The modern tendency appears to be to use high voltage air break contactors up to 6.6 kV where any sort of frequent duty, or inching, plugging, reversing and complex interlocking is involved and where ease of inspection and maintenance and a reduction of outage time is important. A kiln drive is a typical example of where the use of such control gear is advantageous, and Fig. 1 shows a high tension air-break contactor control panel controlling a variable speed AC. type NS motor, for a kiln drive being currently supplied to a modern cement works in the Republic.
The author mentions the use of gamma-ray level control. This is known to be expensive but has the advantage of long life and there are no probes to be damaged by the material. What is the author's experience of this type of equipment compared with, say, the capacitance probe method?
The author has mentioned pressurised rooms for housing main mill drives and control equipment. Is it considered essential that nearly all motor control equipment and relay gear should be housed in such centralized pressurized rooms from where the feed is taken to the motors or other apparatus? This is one solution where bad environmental conditions prevail. The use of control panels with heavily gasket doors (often double doors) and other special constructional features, has been reported to in the past, but it is amazing how fine dust gets in even in these cases. In any case, you have to open up the doors for maintenance purposes.
The use of static switching devices has been mentioned. Would the author say that the desirable aim for the modern cement works is to eliminate all control equipment auxiliary contacts and relays and to use static components instead? Most static systems appear to employ plug-in units or modules. There is good reason to believe that the plugs and sockets themselves form the weak link in the chain and that modules, as shown in the photograph (Fig. 2), are the better proposition, to give maximum reliability. Fig. 3 illustrates an application of this type of gear.

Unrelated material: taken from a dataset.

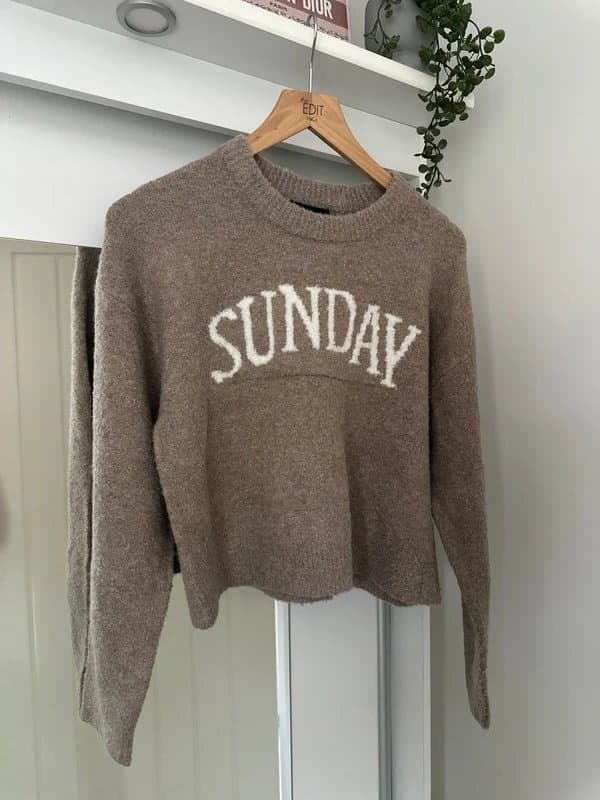 New Look Beige cropped jumper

AUTHOR'S REPLY TO DISCUSSION
Mr A. Grant (Visitor):
In reply to Mr A. Simpson:
As mentioned, rubber tyred units were selected by the shallow deposits and the consequent fast receding faces. Furthermore, due to the variation in the quality of the deposits, two faces are usually worked simultaneously to affect the initial blending of materials at the quarry, which, in effect, is the selective quarrying referred to by Mr Simpson.
The quality analysis of materials by conventional methods is cumbersome and slow, and tests conducted with the X-ray spectrometer have been most encouraging, both about accuracy and speed.

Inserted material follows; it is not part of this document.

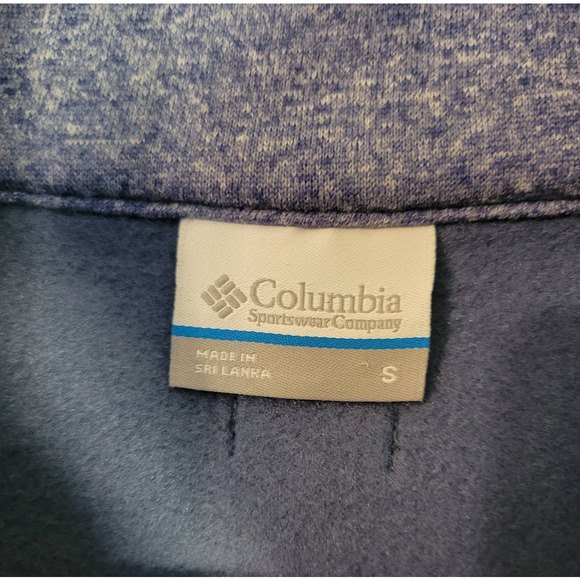 Columbia Womens Two-Tone Blue Full Zip Jacket S - Picture 2 of 6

Primary crushed materials, i.e. minus 5 in, which proved less prone to arching when damp than the finer crushed materials, are extracted from the r.aw material store. The improved methods of extraction developed for fine materials may have merit, but from the author's experience these become too complicated to be entirely effective, and the simplified method described in the hypothetical case is regarded as more trouble-free and reliable in practice.
The comparison of the two different duties of the gyratory crushers described by Mr Simpson, and the reference to wearing and replacements, was most interesting. The selection of the impact breakers for the final crushing of non-abrasive materials was three-fold. Firstly, the wear in the breakers is small, and when replacements are required, it is comparatively easy and inexpensive. Secondly, the breaker gives a better size reduction, and thirdly, less headroom and floor area are required for this installation.
With the advent of the larger diameter mills, the duties imposed on the primary milling compartments with their large-sized grinding media, become demanding indeed, and only the best and consistent quality liners can meet the economic life expectancy. It is the author's experience that in the larger mills the physical properties of cast alloy steel liners must be consistent. Given the difficulty in ensuring the consistency of the quality of the liners required, rolled steel liners were found to be more reliable in practice.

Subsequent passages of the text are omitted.